De adulta fue que comencé a darme cuenta de que la normalidad de mi infancia no era tan normal. Un ejemplo es el lugar de residencia que escogieron mis padres. Eso significó largas horas en compañía apenas de los montones de libros que mi papá compraba por baratos pero que no leía mientras que comenzaba la programación de televisión a las 4:30 pm entre semana o hasta que mis padres se levantaran -tarde- los fines de semana.

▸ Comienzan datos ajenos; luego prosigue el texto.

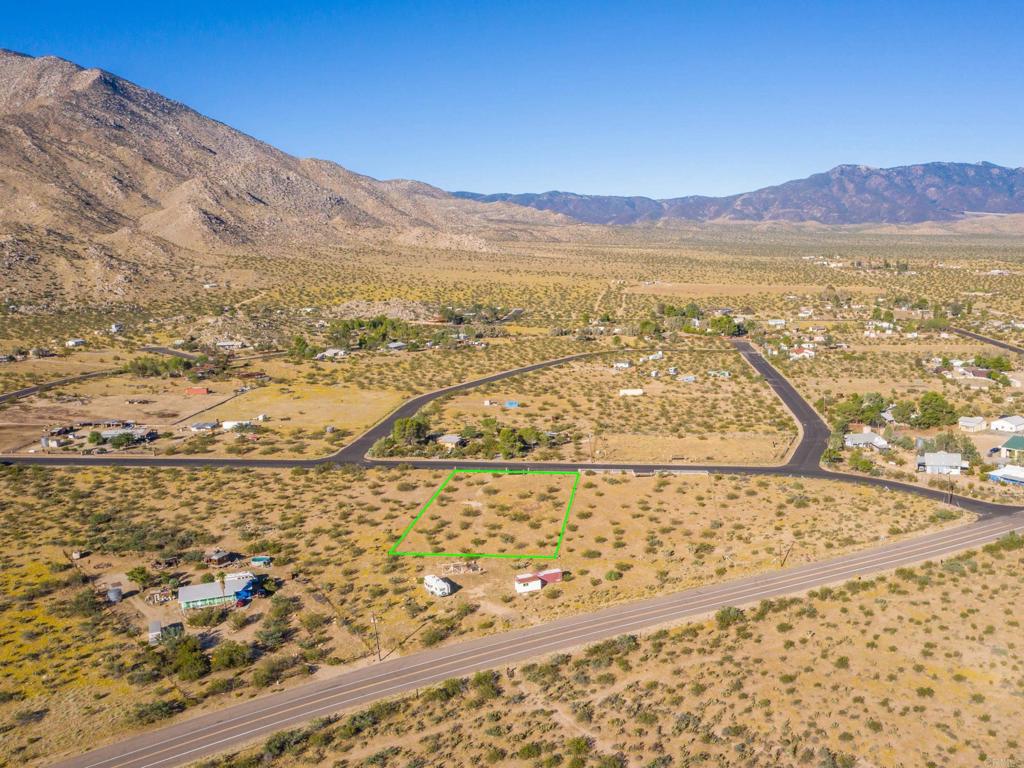 1 Kickin Horse Trail Property Photo 11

Algún día comenzaron a llevarme a cine a la nocturna con ellos, por alta pude entrar desde los 9 a películas de 12, así que yo ya desde esa tierna edad llegaba a la casa a las 11:30, 12, a madrugar al colegio al otro día a las 5:30. Recuerdo un cuento que leí en una revista de Avianca que mi padre traía de sus viajes en esa época de una niña que se les quedaba a los padres en un cine y desde entonces se quedó a vivir ahí. Jamás sospeché que esa pudiera ser una metáfora de aquel momento que vivía.
También hay que reconocer que esa suerte de indiferencia ayudó bastante a que yo me quedara aquí y a que sobrelleve bien el abandono de mi progenitor (próximamente, conmemoración del 4° aniversario) y más o menos bien mi separación (no se pierda la posible alusión al 2° aniversario). Hasta me va mejor: a pesar de seguir igual de sola, al menos estoy menos insegura, tengo una calidad de vida que me gusta más y mis derechos ciudadanos son menos pisoteados. Y hasta soy extrañada por algunos otros, por fin.